___ Study material ___
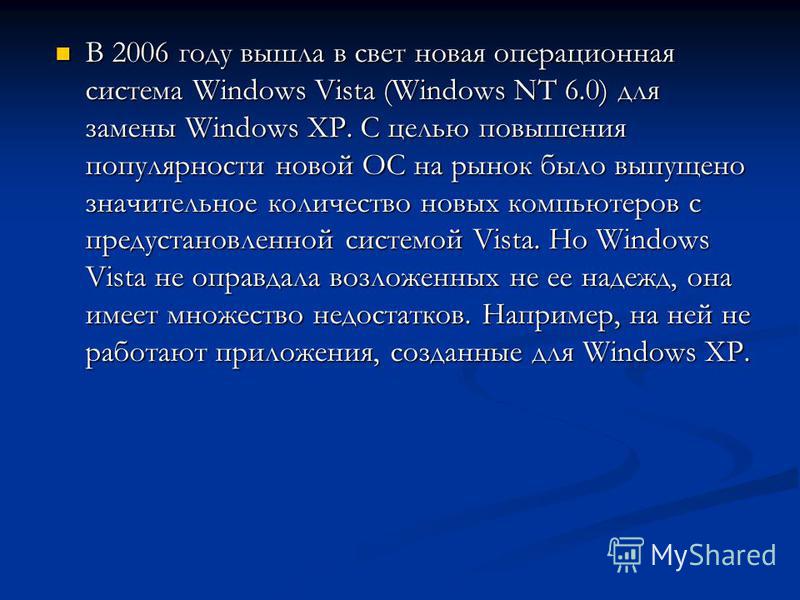 В 2006 году вышла в свет новая операционная система Windows Vista (Windows NT 6.0) для замены Windows XP. С целью повышения популярности новой ОС на рынок было выпущено значительное количество новых компьютеров с предустановленной системой Vista. Но 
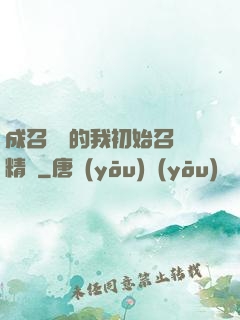 成召喚師的我初始召喚精靈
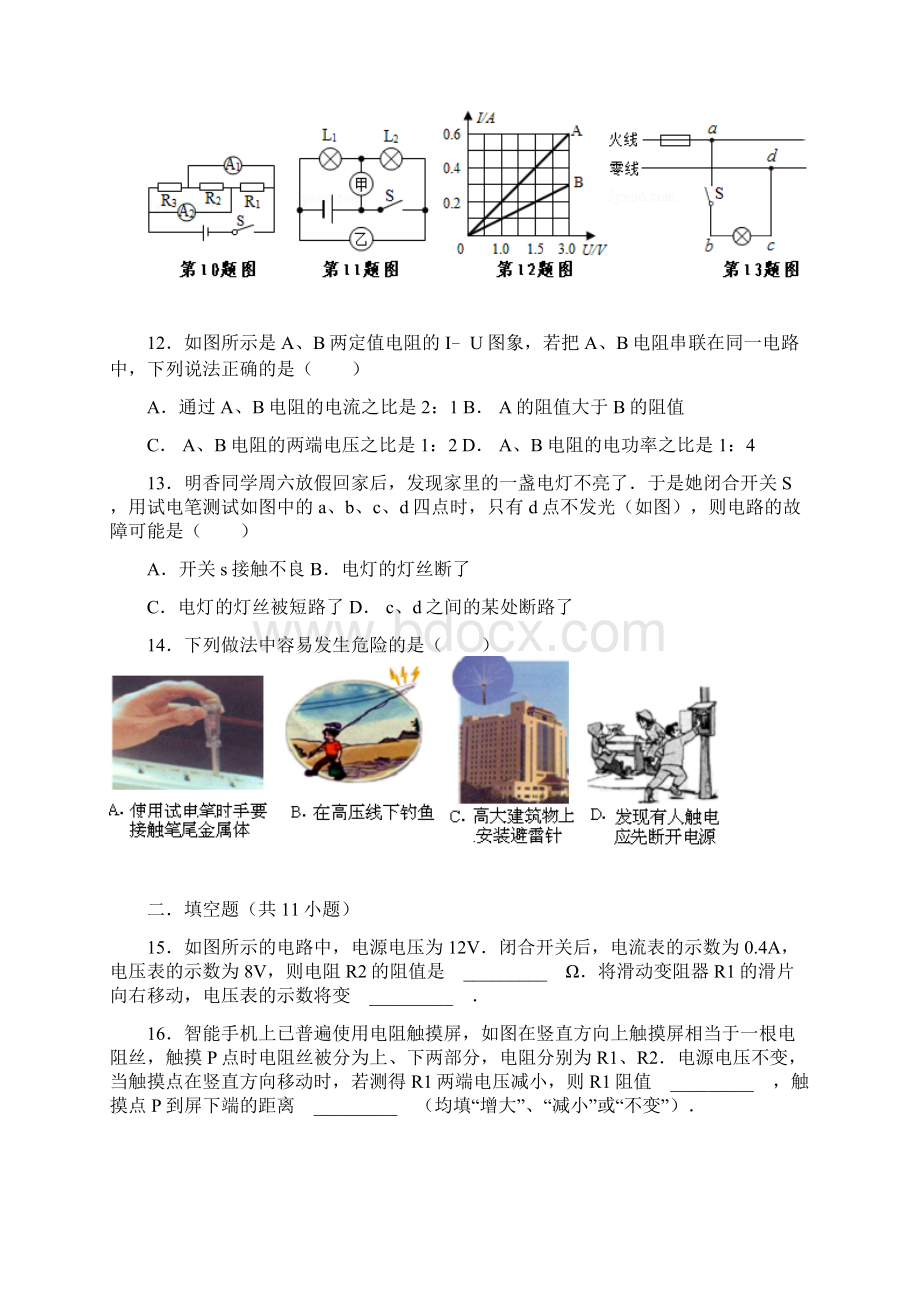 九年级物理《第十五章探究电路》达标测试题解析版.docx_第3页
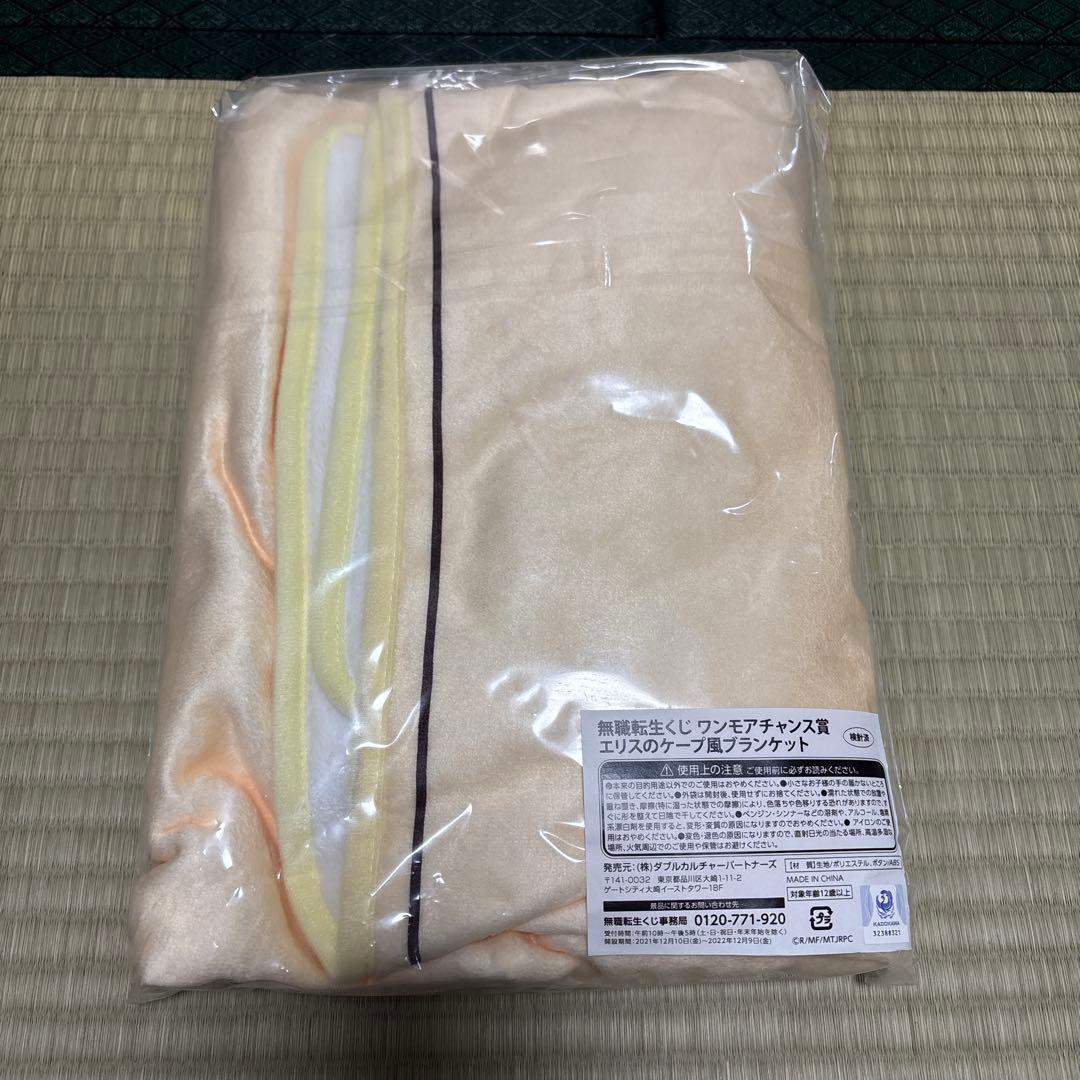 【抽選10名限定品】無職転生くじワンモアチャンス賞　エリスのケープ風ブランケット
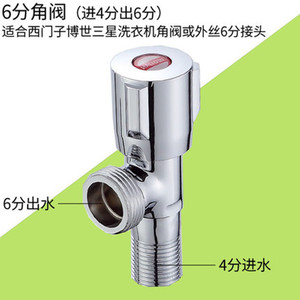 Válvula angular Zimani de 20 mm con rosca macho, válvula de tres vías de latón para grifo de suministro de agua, uso doméstico - Product Image 4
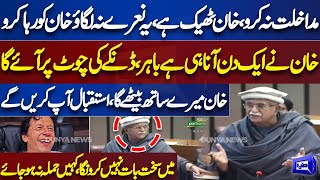 'Khan Ne Aik Din Bahar Aana Hi Hai...' | Mehmood Khan Achakzai Hard Speech | Dunya News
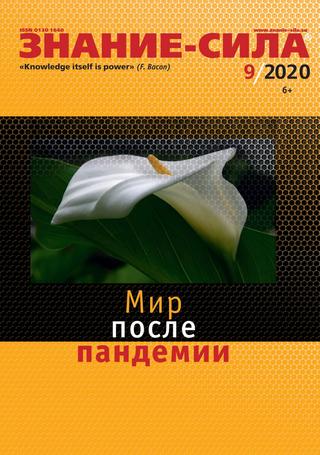Знание — сила №9, 2020 - Читать журналы и газеты онлайн бесплатно без регистрации | Печатные периодические издания на bookjurn.ru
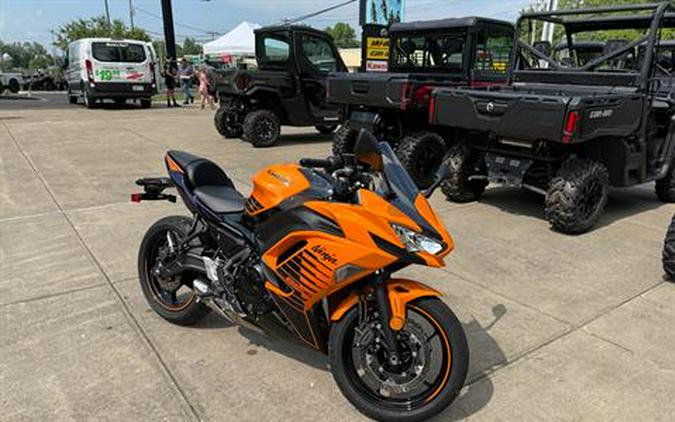 2025 Kawasaki Ninja® 650 ABS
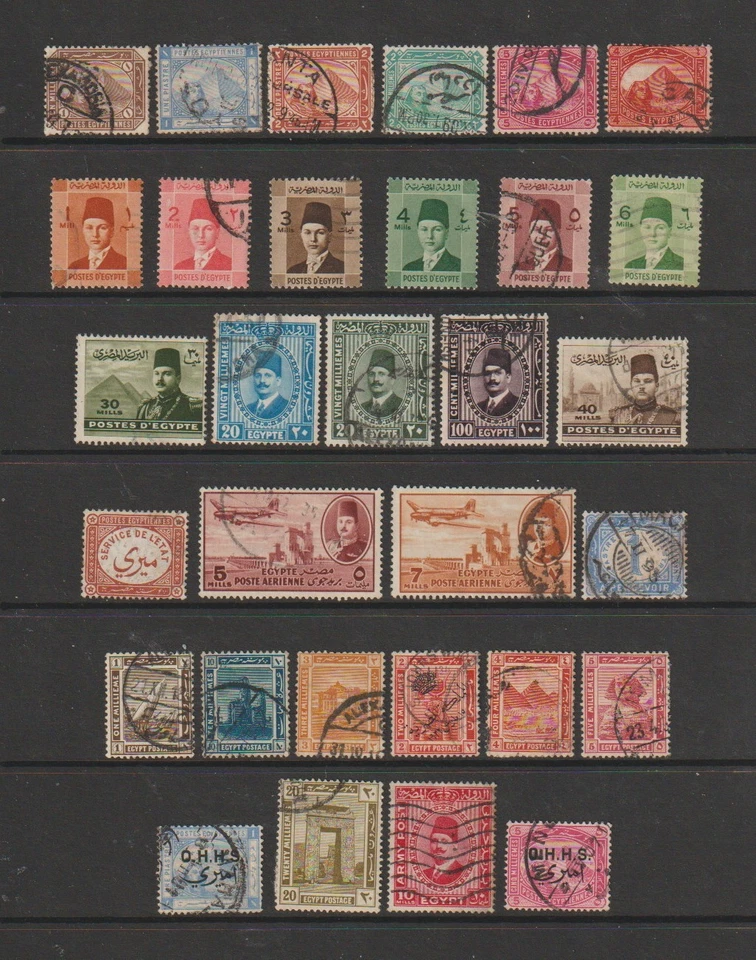 EGYPT    Collection of  Various  Stamps     USED - Image 1 of 1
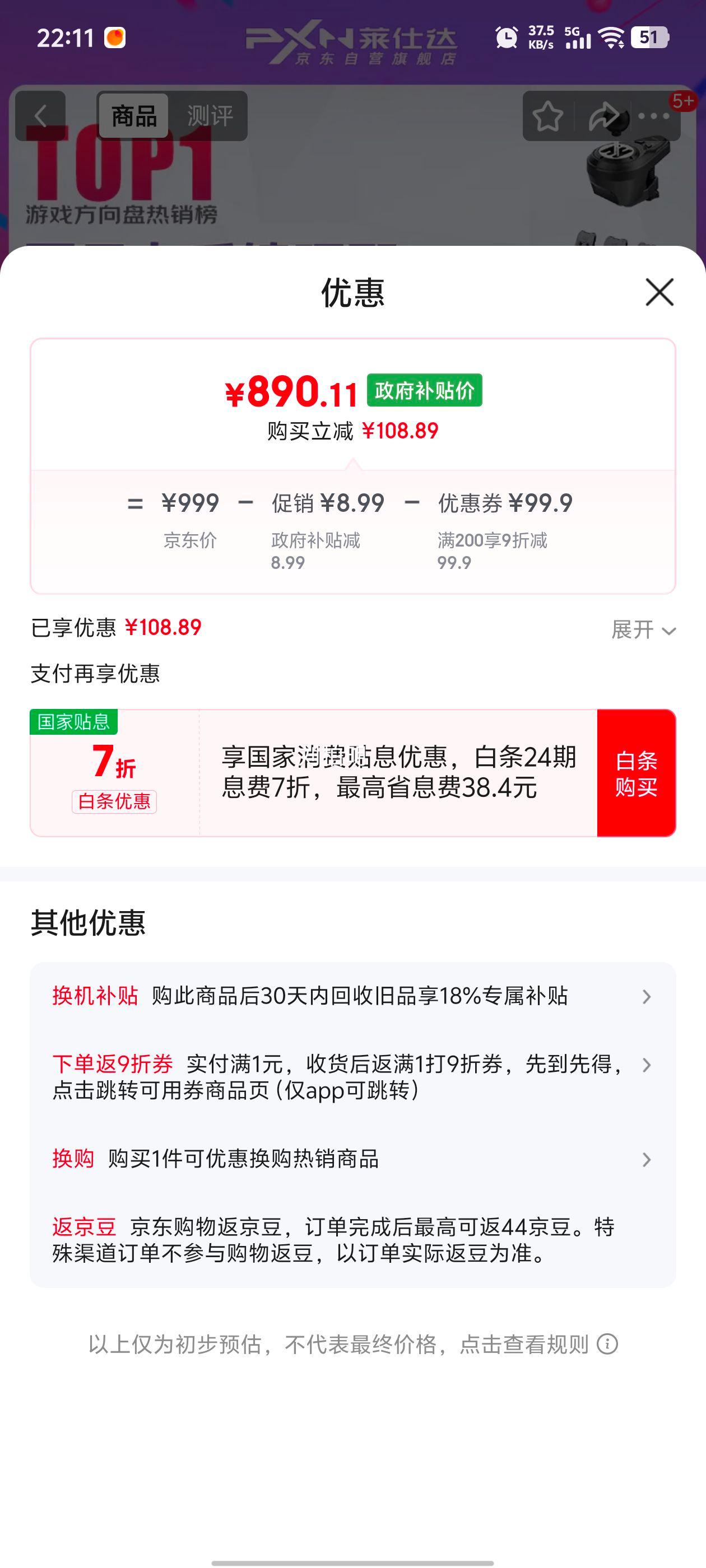 ˴ V99 Ϸģ ȫ ģʻ Xbox PS4 PC ŷ2 ɯ F1 ƽ5Ż֤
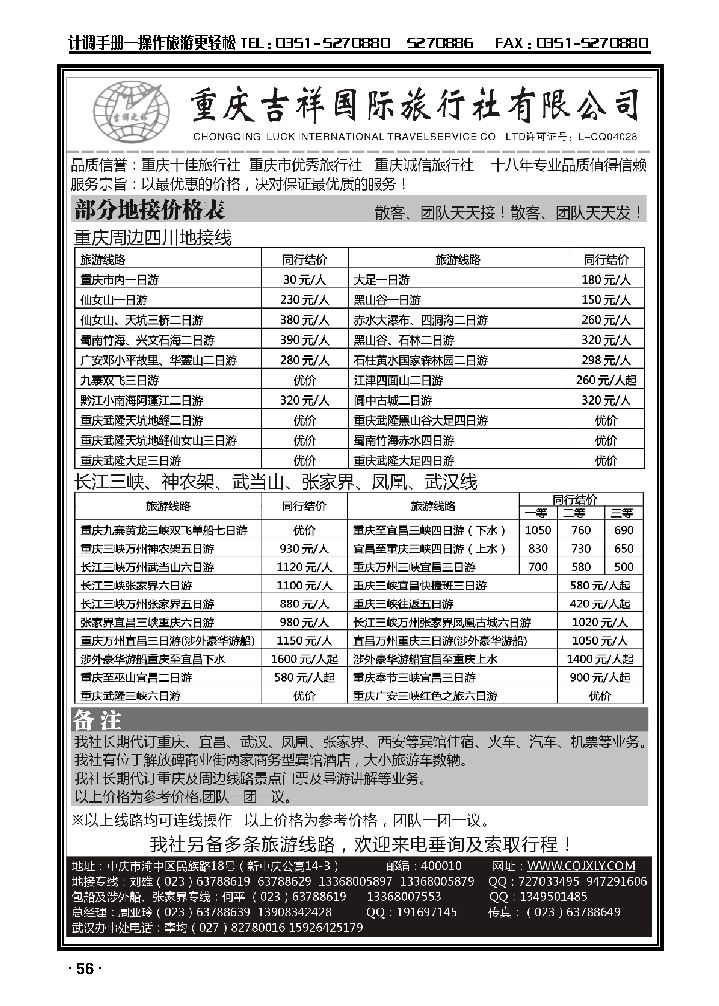 重庆吉祥国际旅行社——重庆、三峡_p1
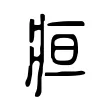 疸 疸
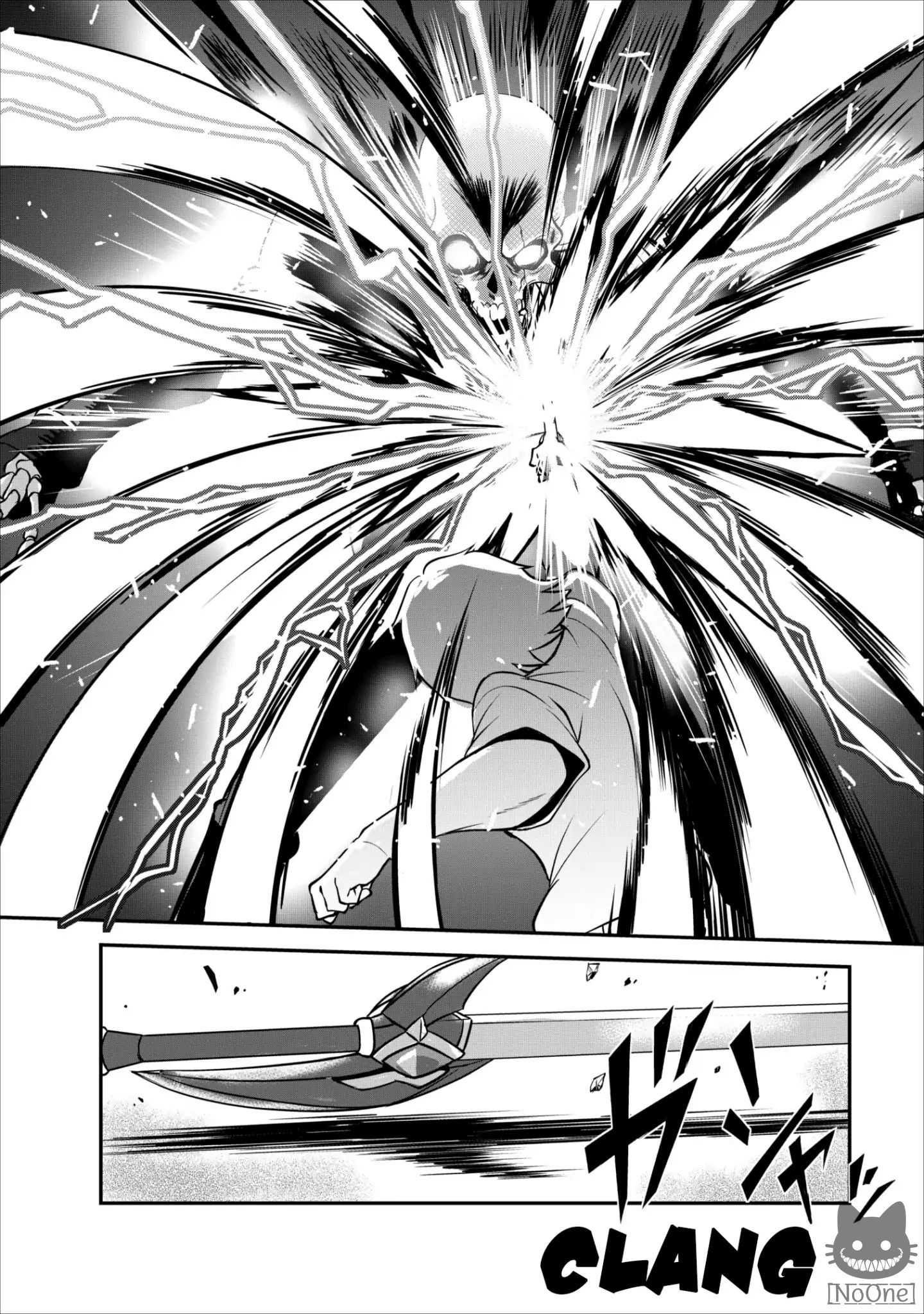 Shinka no Mi ~Shiranai Uchi ni Kachigumi Jinsei~ 5-5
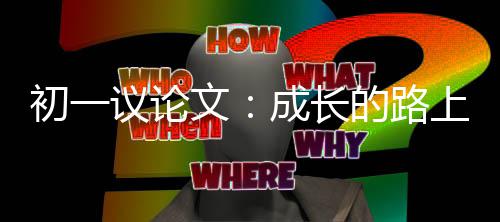 文的路议论初一成长上
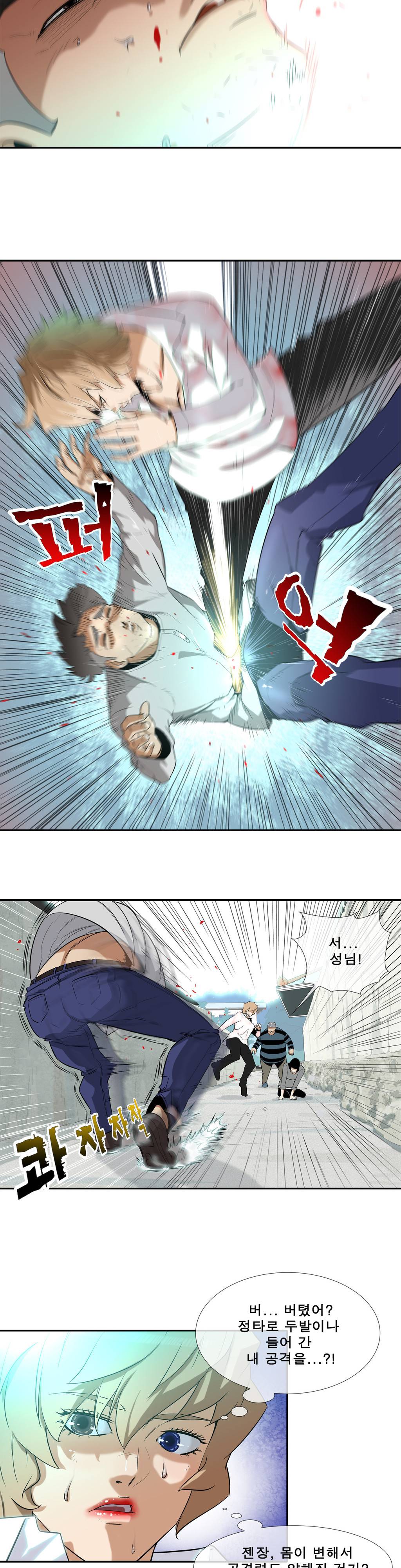 전설의 읍내최강 6화 - 읍내 최강자전 2 3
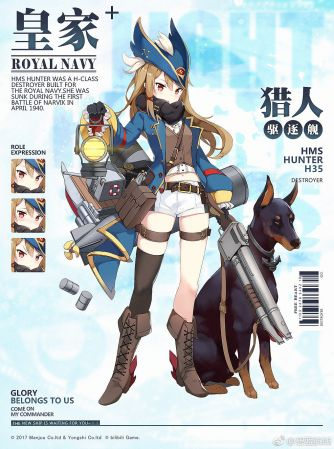 《碧蓝航线》H 级驱逐舰猎人全面攻略：皇家猎场的冷静猎手-星界云手机攻略站
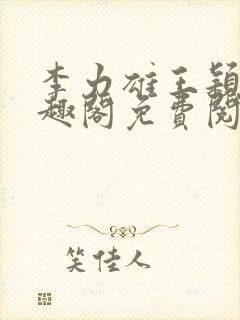 李力雄王颖莉笔趣阁免费阅读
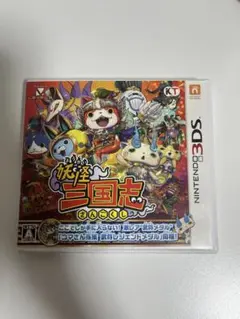 3DS 妖怪三国志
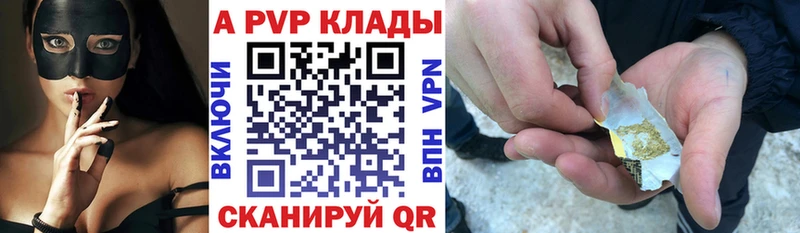 закладка  Кашира  Альфа ПВП СК КРИС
___
## [Work order]
Although the records include pictures, the copy should reproduce every line exactly and none of the pictures.

## [Response to this task]
 В 2006 году вышла в свет новая операционная система Windows Vista (Windows NT 6.0) для замены Windows XP. С целью повышения популярности новой ОС на рынок было выпущено значительное количество новых компьютеров с предустановленной системой Vista. Но 
 成召喚師的我初始召喚精靈
 九年级物理《第十五章探究电路》达标测试题解析版.docx_第3页
 【抽選10名限定品】無職転生くじワンモアチャンス賞　エリスのケープ風ブランケット
 Válvula angular Zimani de 20 mm con rosca macho, válvula de tres vías de latón para grifo de suministro de agua, uso doméstico - Product Image 4
 'Khan Ne Aik Din Bahar Aana Hi Hai...' | Mehmood Khan Achakzai Hard Speech | Dunya News
Знание — сила №9, 2020 - Читать журналы и газеты онлайн бесплатно без регистрации | Печатные периодические издания на bookjurn.ru
 2025 Kawasaki Ninja® 650 ABS
 EGYPT    Collection of  Various  Stamps     USED - Image 1 of 1
 ˴ V99 Ϸģ ȫ ģʻ Xbox PS4 PC ŷ2 ɯ F1 ƽ5Ż֤
 重庆吉祥国际旅行社——重庆、三峡_p1
 疸 疸
 Shinka no Mi ~Shiranai Uchi ni Kachigumi Jinsei~ 5-5
 文的路议论初一成长上
 전설의 읍내최강 6화 - 읍내 최강자전 2 3
 《碧蓝航线》H 级驱逐舰猎人全面攻略：皇家猎场的冷静猎手-星界云手机攻略站
 李力雄王颖莉笔趣阁免费阅读
 3DS 妖怪三国志
 закладка  Кашира  Альфа ПВП СК КРИС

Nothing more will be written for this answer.